Namespace naming convention: {strategy}-{chunk-size}-{model-tier}
Examples: semantic-512-small, chunk-1024-large, legal-256-small

All vector upserts are idempotent using deterministic IDs derived from content hash + metadata. Destructive namespace-level deletes are avoided during normal operation.

Tradeoffs & Rationale¶

Tradeoff	Option Chosen	Why	Rejected Alternative	Reason Rejected
Index Architecture	Single index + multiple namespaces	Minimizes operational surface area while providing logical isolation. Aligns with "minimal manual intervention."	Multiple indexes	Higher cost, more secrets/monitoring, increases chance of configuration drift
Namespace Taxonomy	`{strategy}-{size}-{model}`	Human-readable + machine-actionable for future routing agents.

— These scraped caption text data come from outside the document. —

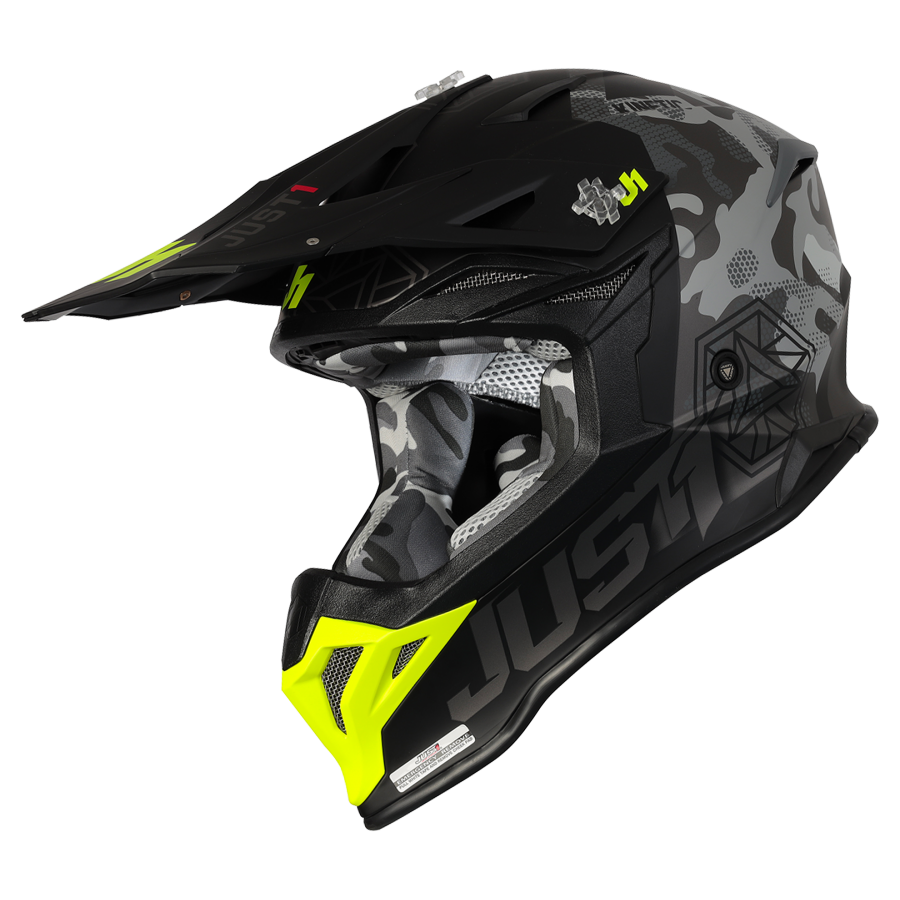JUST1 J39 Kinetic Grey Camo Fluro Yellow/Red/ Black Matt Helmet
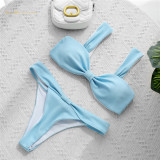 Women two-pieces suspender Swimwear #dp0430 summer beachwar fashion Solid Color  Bathing Suit fashion Swimsuit Bikini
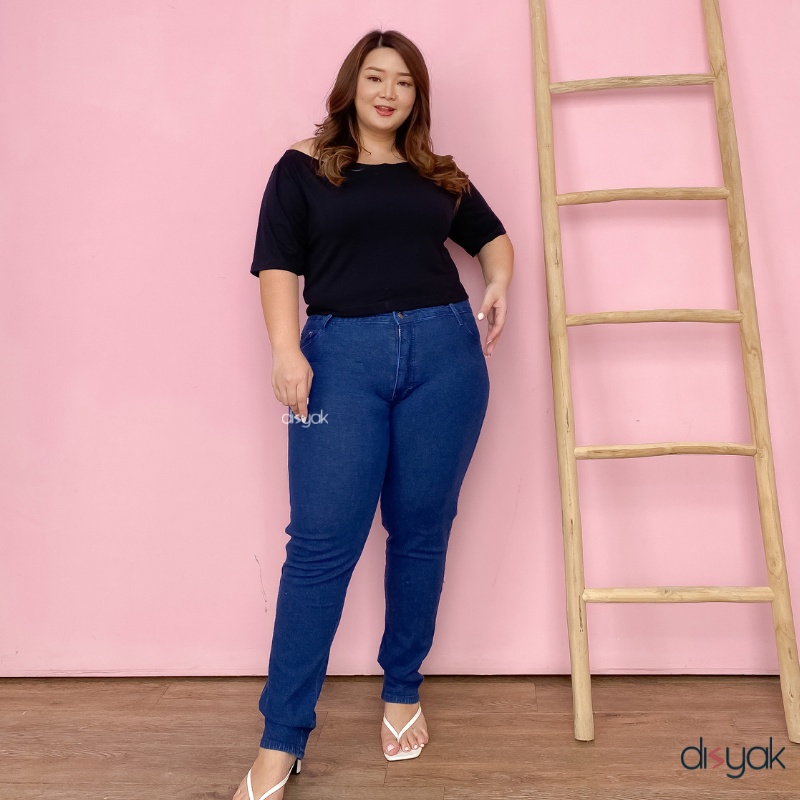 DISYAK-JUMBO High Waist Skinny Jeans Dark Blue 0012-0412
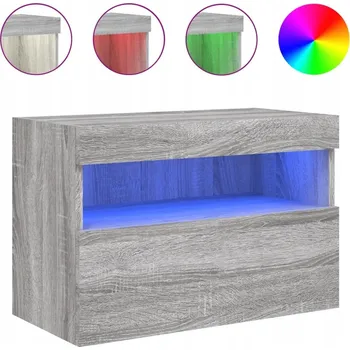 Televizní stolek Závěsná skříňka pod TV s LED RGB osvětlením, Šedý dub Sonoma, 60x30x40 cm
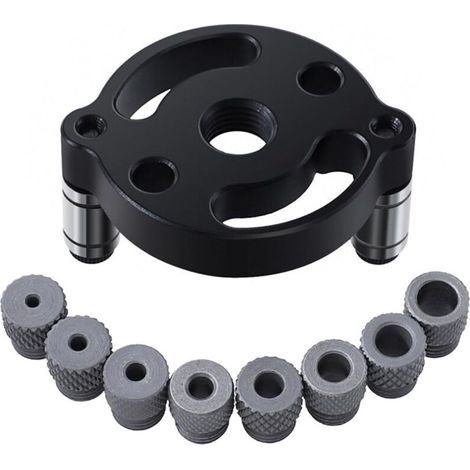 Bohrschablone, Bohrfutter Mit 8 Bohrringen (3/4/5/6/7/8/9/10 Mm), Vertikalbohrvorrichtung Mit Bohrführungsbuchsen Zum Stanzen Von Löchern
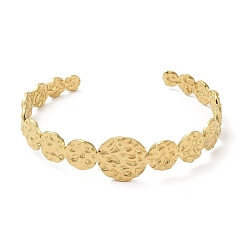 Настоящее золото 18K Ионное покрытие (ip) 304 круглые открытые браслеты-манжеты из нержавеющей стали, украшения для женщин, реальный 18 k позолоченный, внутренний диаметр: 2-1/4 дюйм (5.85 см)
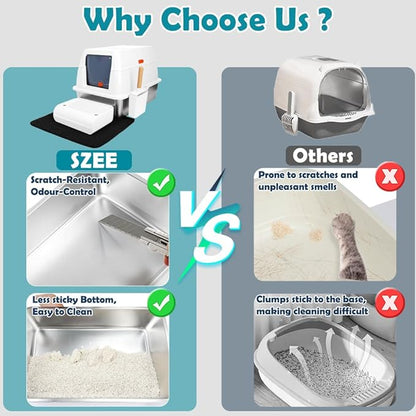 SZEE XL Stainless Steel Litter Box with Lid, Extra Large Metal Covered Litter Box, Stainless Box Easy Clean, Activated Charcoal Odor Control Design, Includes Litter Scoop & Mat & Step, White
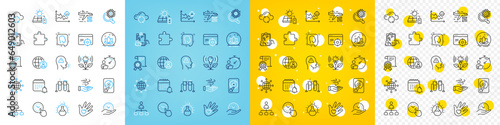 Vector icons set of Seo analysis, Wind energy and Social responsibility line icons pack for web with Qr code, Lotus, Cloud sync outline icon. Safe time, Puzzle, Calendar pictogram. Vector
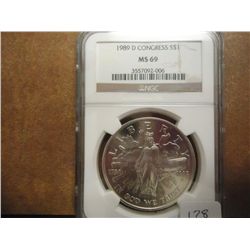 1989-D CONGRESS SILVER DOLLAR NGC MS69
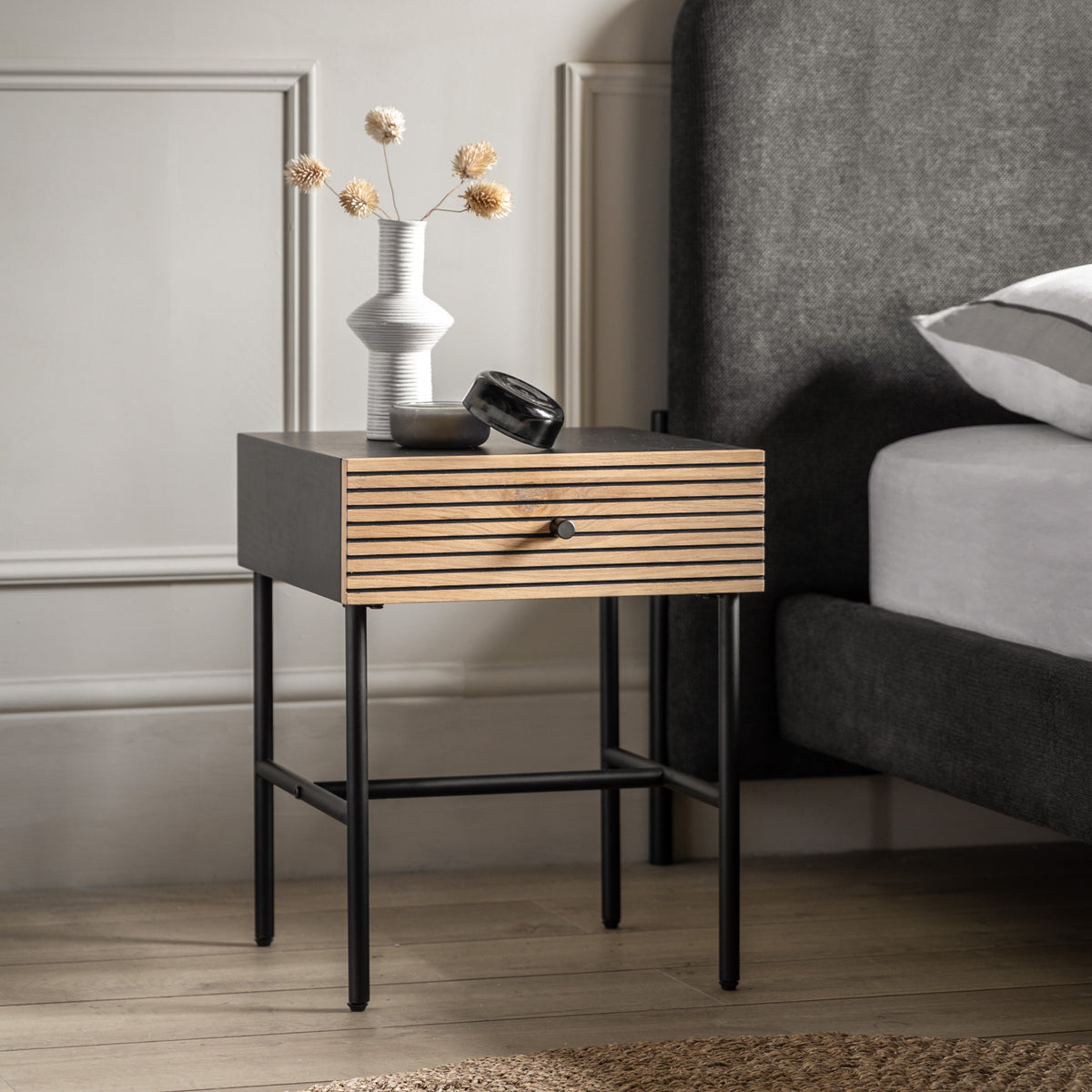 Hyland 1 Drawer Bedside – Black MDF Melamine – 1 Drawer (view 2)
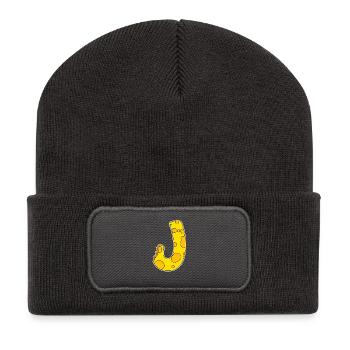Buchstabe J - Anfangsbuchstabe J - Käse Motiv - Recycelte Patch Beanie - Dunkelgrau - Vorne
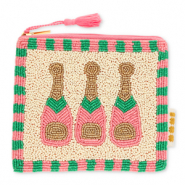 BY31&reg; Trousse champagne Rose clair-vert-blanc cass&eacute;-dor&eacute;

Enables A/B testing and targeted improvements	Per-source or flat namespaces	Causes namespace explosion and prevents strategy-based routing
Upsert Model	Idempotent (content-hash IDs)	Prevents duplicate data and enables safe re-runs without manual cleanup	Timestamp-based or non-deterministic IDs	High risk of data corruption and manual intervention
Delete Strategy	Metadata invalidation + re-ingest	Safer and more observable than namespace deletes	Namespace-level delete + rebuild	High blast radius and violates reliability goal
Metadata Schema	Consistent core fields + strategy-specific extensions	Enables unified observability and evaluation across namespaces	Completely separate schemas	Breaks cross-namespace analysis and increases maintenance burden

Consequences¶

Positive - Failures are contained to specific namespaces/strategies - Re-ingestion and experimentation can happen safely - Directly enables model routing and cost optimization in later work - Supports structured evaluation and regression detection per namespace

Negative / Accepted Risks - Namespace count must be actively managed - Query routing logic becomes more important in M3 - Slight increase in initial setup complexity

Neutral - We accept a small amount of operational discipline in exchange for long-term reliability and iteration speed.

Alignment with Production Requirements¶

This decision supports: - Owning RAG pipelines across multiple Pinecone namespaces - Building reliable systems with minimal manual intervention - Enabling evaluation-driven iteration and regression detection - Preparing for model routing and cost optimization

Review Note: This ADR demonstrates clear ownership of production RAG architecture, explicit tradeoff reasoning, and direct alignment with reliability and business impact goals.